*Problem statement*:
Each line from the one containing "Traditional Gray Velvet" through the last line of the records is to be repeated exactly, with all pictures left out.
※ ※ ※
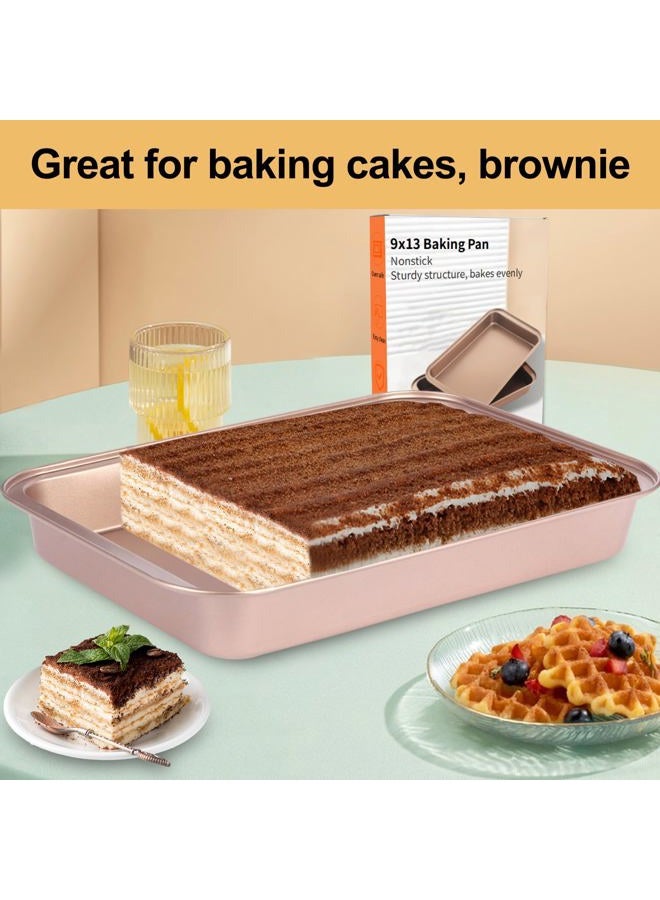 Barlket 9x13 Baking Pan, Rectangle Cake Pan Nonstick, Bakeware Baking Pans for Oven, Easy Clean, Carbon Steel Cake Pan for Lasagna Brownies Casseroles Cakes Pan, Rose Gold, Set of 2 - Image 3
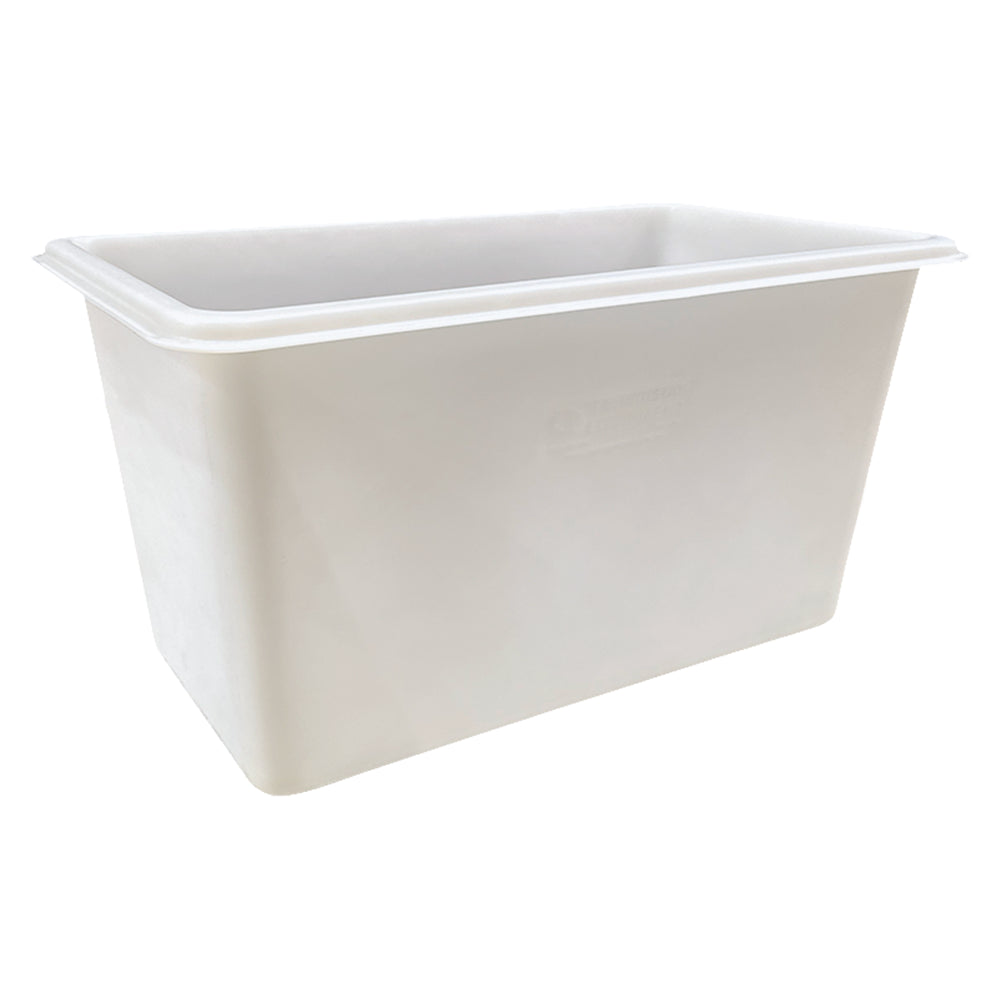A rectangular, white plastic storage container with smooth edges and a minimalistic design, ideal for organising items.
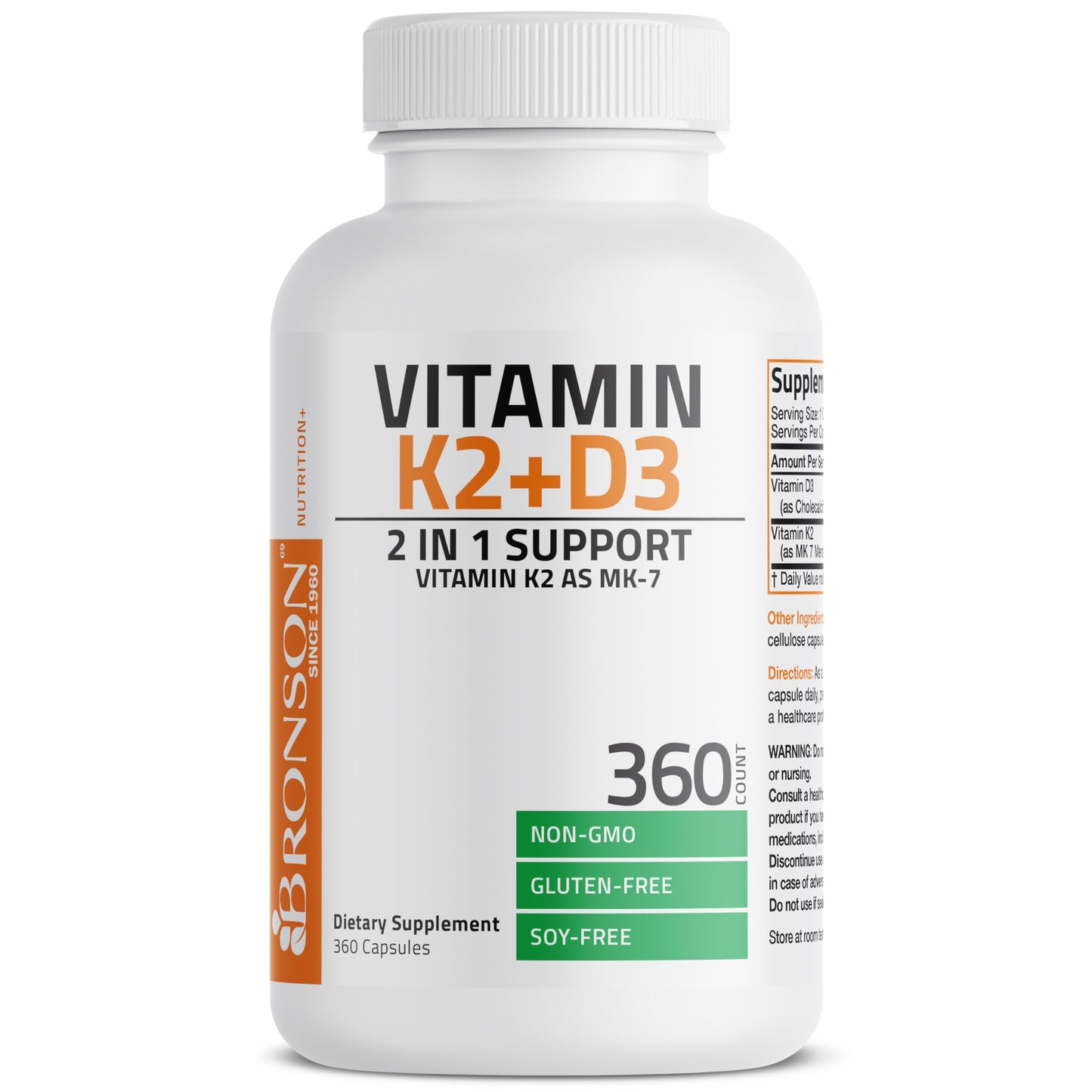 Bronson Vitamin K2 MK-7 with D3 – Non-GMO, 360 Capsules, 5000 IU D3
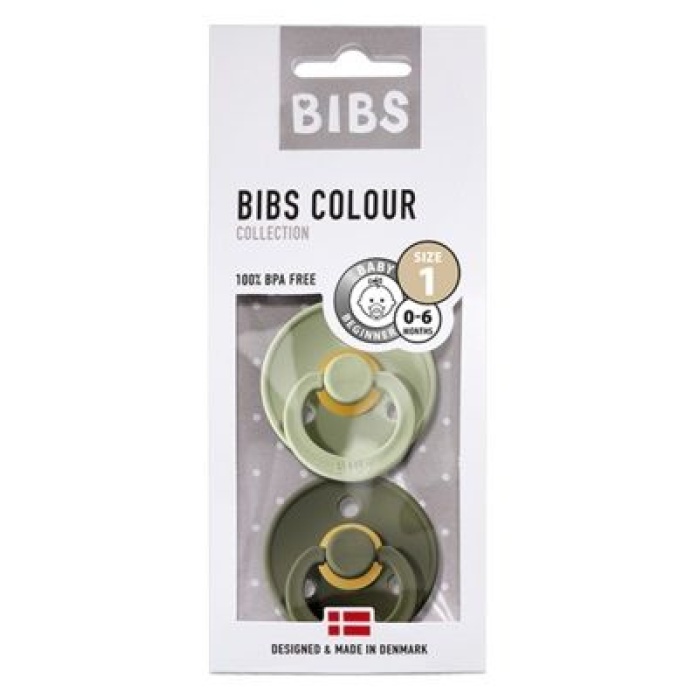 Bibs Colour Kauçuk Emzik 2li 0-6 Ay Sage / Hunter Green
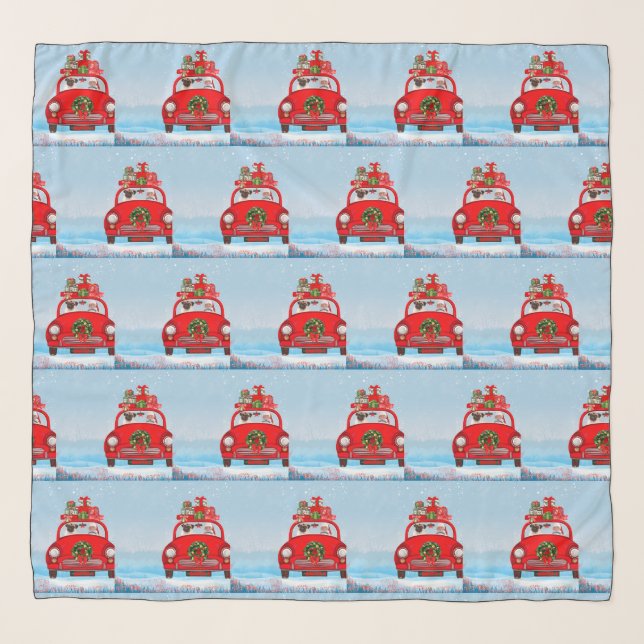 Pug Dog In Car With Santa Claus Scarf (Front)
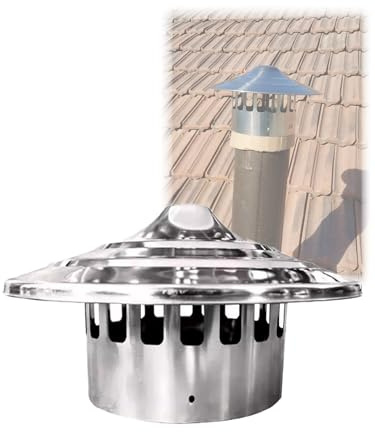 All-Weather Stainless Steel Roof Vent Cap, Outdoor Chimney Flue Protector with Screen, Flue Liner Rain Guard(150mm/5.9in)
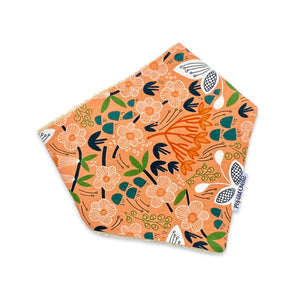 Bandana Dribble Bib - Apricot Floral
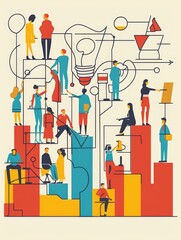 Wall Mural - A diverse group of people collaborate and brainstorm ideas, with a lightbulb symbolizing inspiration,  connected by lines representing communication and interconnectedness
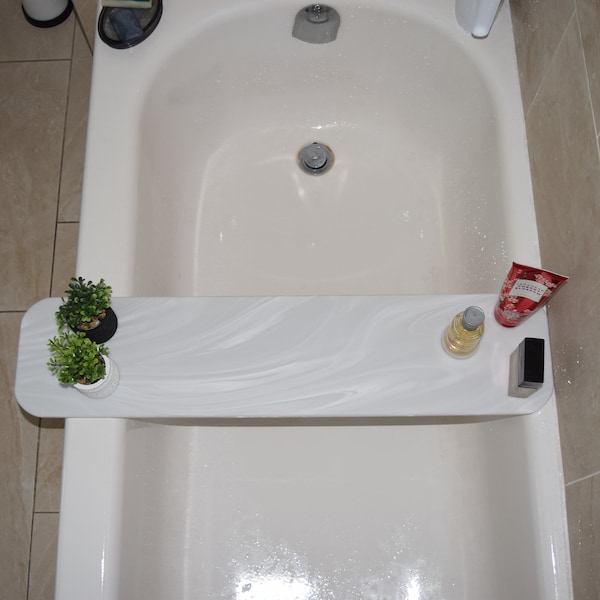 Corian Solid Surface Bathtub Tray | Soap and Shampoo Holder | Bathroom Shelf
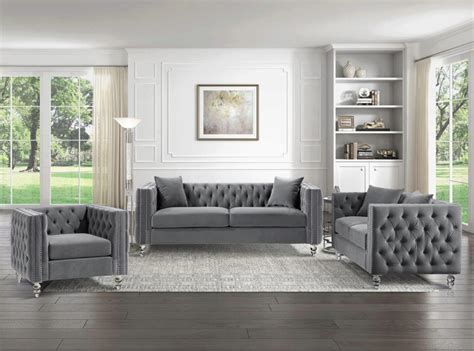 Traditional Gray Velvet Living Room Set 3pcs Homelegance 9326gy Welwyn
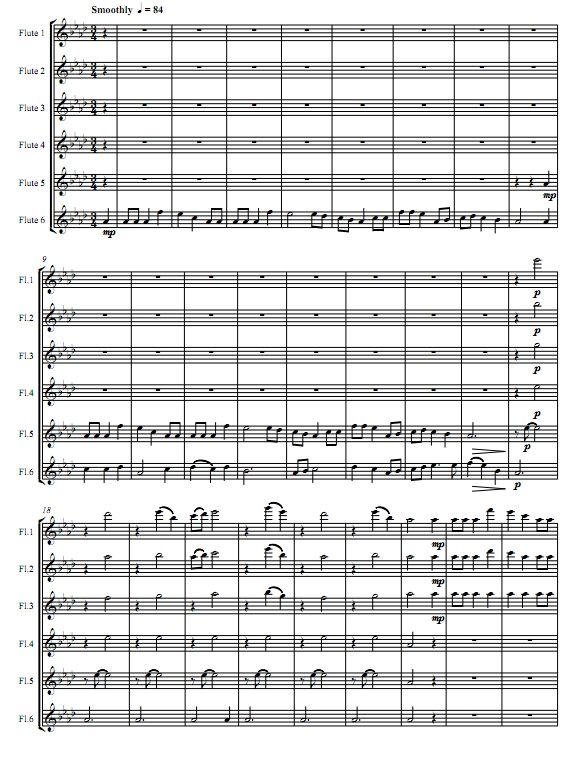 冬青树和常春藤  长笛六重奏总谱+分谱 有试听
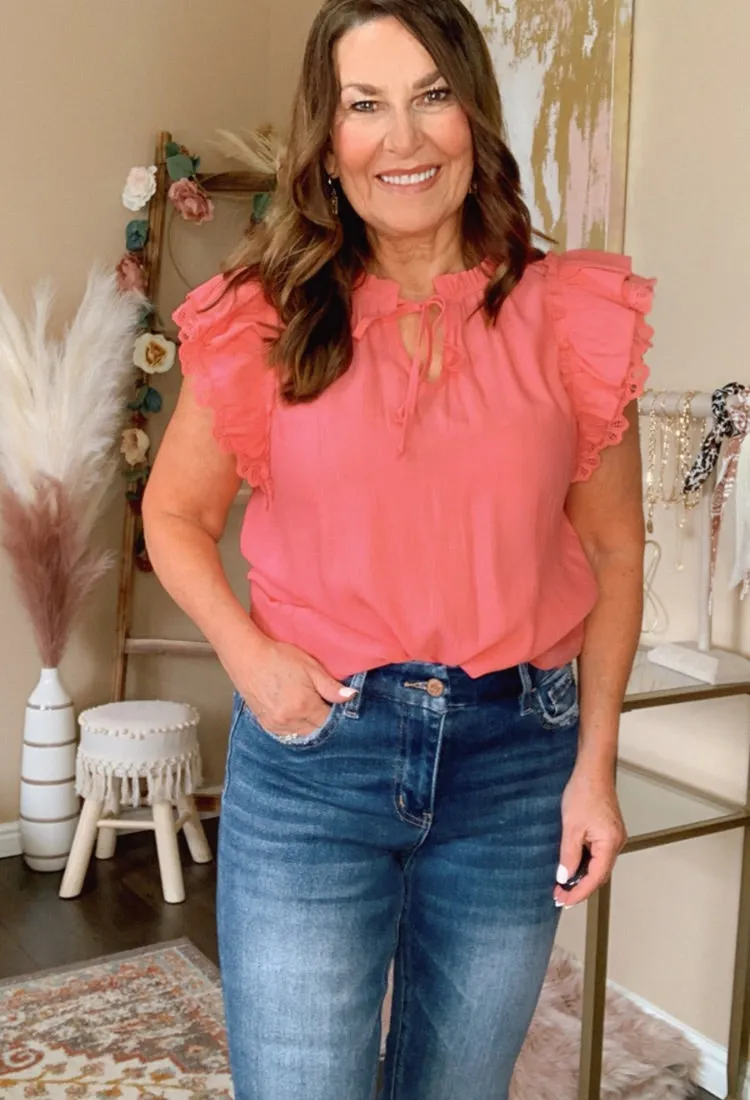 Pretty Girl Lace Sleeve Blouse in Coral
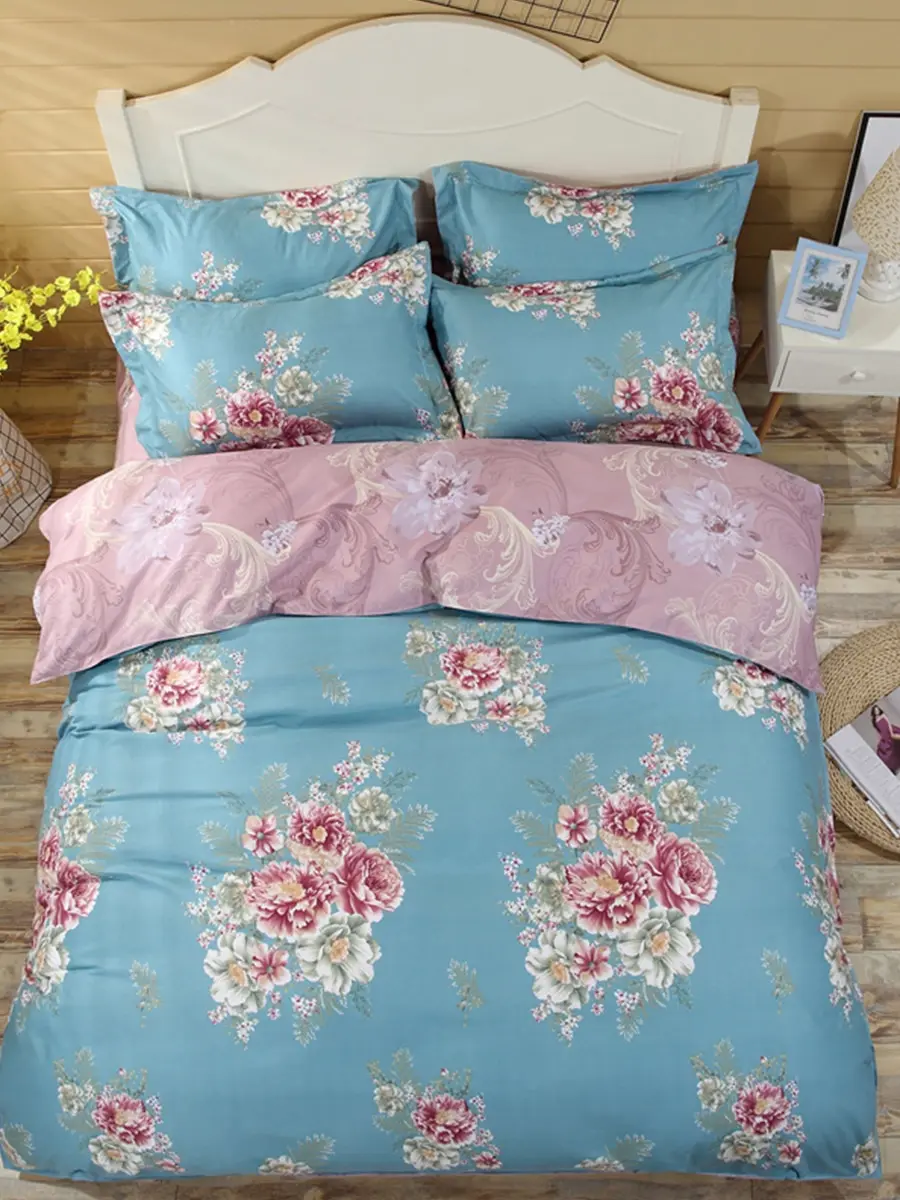 

4 Pcs Bed Linens Luxury European Floral Pattern Comfy Bedclothes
※ ※ ※
*The answer*:
 Traditional Gray Velvet Living Room Set 3pcs Homelegance 9326gy Welwyn
 冬青树和常春藤  长笛六重奏总谱+分谱 有试听
 Pretty Girl Lace Sleeve Blouse in Coral

4 Pcs Bed Linens Luxury European Floral Pattern Comfy Bedclothes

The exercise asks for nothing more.